Converting Chinese to Pinyin with hanyupinyin

library(hanyupinyin)

The hanyupinyin package converts Chinese characters into Hanyu Pinyin. It is designed to be fast, vectorized, and easy to use for both interactive analysis and data-cleaning pipelines.

Basic conversion

The workhorse function is to_pinyin():

to_pinyin("春眠不觉晓")
#> [1] "chun1_mian2_bu4_jue2_xiao3"
to_pinyin(c("你好", "世界"))
#> [1] "ni3_hao3"  "shi4_jie4"

By default the separator is "_" and tones are rendered as numeric suffixes.
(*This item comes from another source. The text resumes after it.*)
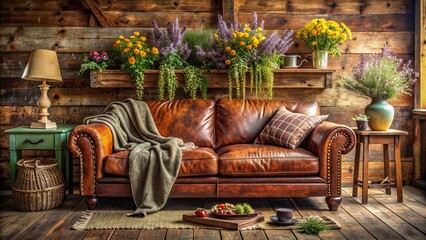 Wall Mural - Cozy rustic living room features vintage leather sofa, distressed wood furniture, wildflower-filled vase, spring-inspired decor, plush blankets, and sentimental trinkets.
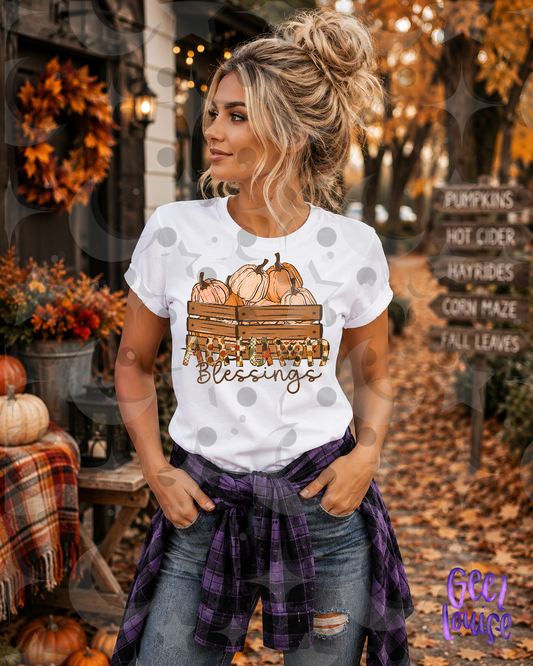 Autumn Blessings Pumpkin Crate PNG | Fall Pumpkin Design | August 26 Design Drive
You can change either:

to_pinyin("Hello 世界", sep = " ", other_replace = "?")
#> [1] "????? shi4 jie4"

Toneless output and initials

For situations where you only need the alphabetic form without tones, use to_pinyin_toneless():

to_pinyin_toneless("中华人民共和国")
#> [1] "zhong_hua_ren_min_gong_he_guo"

To extract just the first letter of each syllable:

to_pinyin_initials("中华人民共和国")
#> [1] "zhrmghg"

Handling polyphones

Chinese has many characters with multiple readings. By default to_pinyin() converts characters independently, which works well for single characters but can be wrong in context. Enable the built-in phrase table with polyphone = TRUE:

to_pinyin("银行行长", polyphone = TRUE)
#> [1] "yin2_hang2_hang2_zhang3"

You can also add your own phrases:

add_phrase("测试短语", "ce4 shi4 duan3 yu3")
to_pinyin("测试短语", polyphone = TRUE)
#> [1] "ce4_shi4_duan3_yu3"

Data-cleaning helpers

A common use case is turning Chinese column names from imported data (e.g. SAS, Excel) into valid R variable names:

to_varname(c("姓名", "年龄", "性别"))
#> [1] "xing_ming" "nian_ling" "xing_bie"
to_varname("1开始")
#> [1] "X1_kai_shi"

For URL slugs:

to_slug("2026年报告")
#> [1] "2026-nian-bao-gao"

Dictionary source

The package bundles the kMandarin field from the Unicode Unihan Database (Version 17.0), which covers more than 44,000 unique Chinese characters. Because the data come from an open standard, you can be confident in their provenance and stability.